Saldırı şafak sökerken başladı. “Emekçiler” aslında Şanghay’ın yer altı dünyasına hakim Yeşil Çete Örgütünün üyeleriydi. Hazırlıksız yakalanan komünistler, zamanında silah başı yapıp savaşamadılar. Sadece silah depolarının bulunduğu Genel İşçi Sendikası merkez binalarında ve ticari basın bürolarında komünistlerin önderliğindeki işçiler barikatlara geçerek ciddi bir direniş gösterebildiler.

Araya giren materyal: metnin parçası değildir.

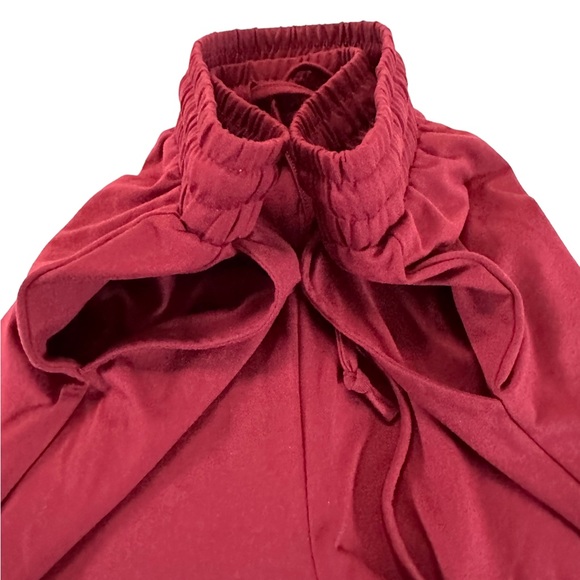 Keep Beauty Red Burgundy Drawstrings Wide Leg Pants Size XL - Picture 15 of 15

Sabahın ilerleyen saatlerinde ordu makinalı tüfekler ve sahra topları getirince, bu direniş de ezildi. “Komünistlerin gücünün kırıldığını söylemek belki aşırı olur” diyordu The Times muhabiri, “ancak büyük bir yenilgi aldıkları kesindir.” İngiliz yönetimindeki belediye polisinin yaptığı tahminlere göre 400 kişi öldürülmüş, daha fazlası yaralanmış ve tutuklanmıştı.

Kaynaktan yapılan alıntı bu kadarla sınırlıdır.